Exposing the Digital Age's Perfect Lie
How Oval's album 94diskont reminds us of the digital world's many glitches and need for grace.
I was born into an age that dared to believe in the possibility of perfection. Leaning on the hope of technological salvation, the digital age believes computers, data, and artificial intelligence can overcome the flaws of humanity to create perfect truth and a better reality. That sounds dramatic, but we put more faith in our digital systems on a daily basis than we can possibly realize. When we look for truth, Google is a couple of clicks away. When something goes wrong with our digital devices, it’s assumed that its human user is to blame, not the irreproachable device. I don’t think it’s a stretch to say that we trust the fidelity of our digital world more than humanity.

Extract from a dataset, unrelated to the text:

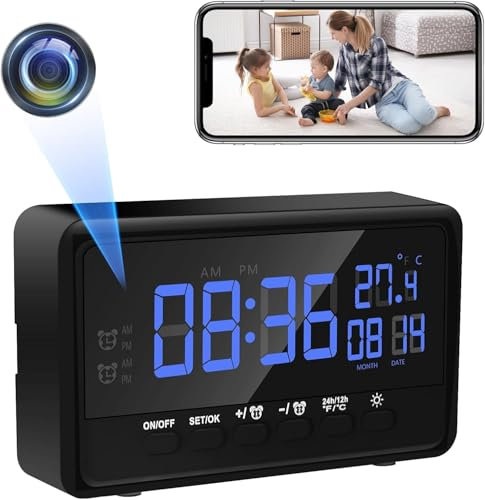 Telecamera Nascosta WiFi HD 1080P Mini Telecamera WiFi 2.4 / 5G Wifi Telecamera Spia, Orologio Telecamera Wifi con 2 Sveglia e Schermo Multifunzione Supporto Visione Notturna Rilevamento del Movimento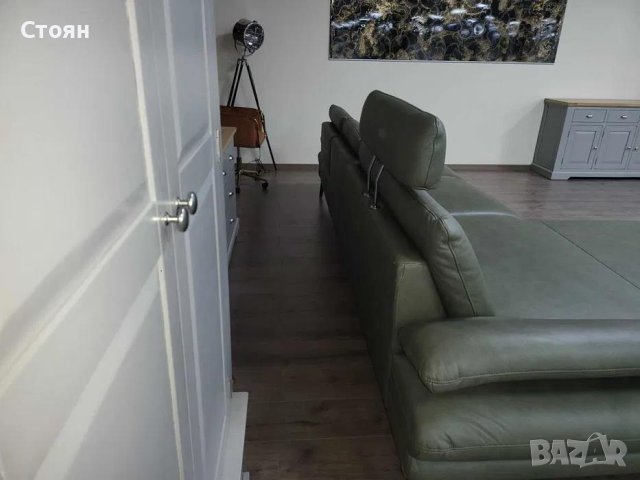Тъмно зелен кожен ъглов диван с лежанка Dieter Knoll, снимка 10 - Дивани и мека мебел - 44246184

We see this narrative play out in the music of the 1990s with the rise of the CD which promised a high fidelity listening experience without the dusty scratchiness of the vinyl record or the warbly frailty of the cassette tape. To this day, people swear by the CD as a pinnacle of technological achievement and entirely faultless music listening experience. Thank God for German electronic musician Markus Popp, aka Oval, who dared to expose the brokenness of the format and argue that even a digital world is far from perfection with his 1995 record 94diskont.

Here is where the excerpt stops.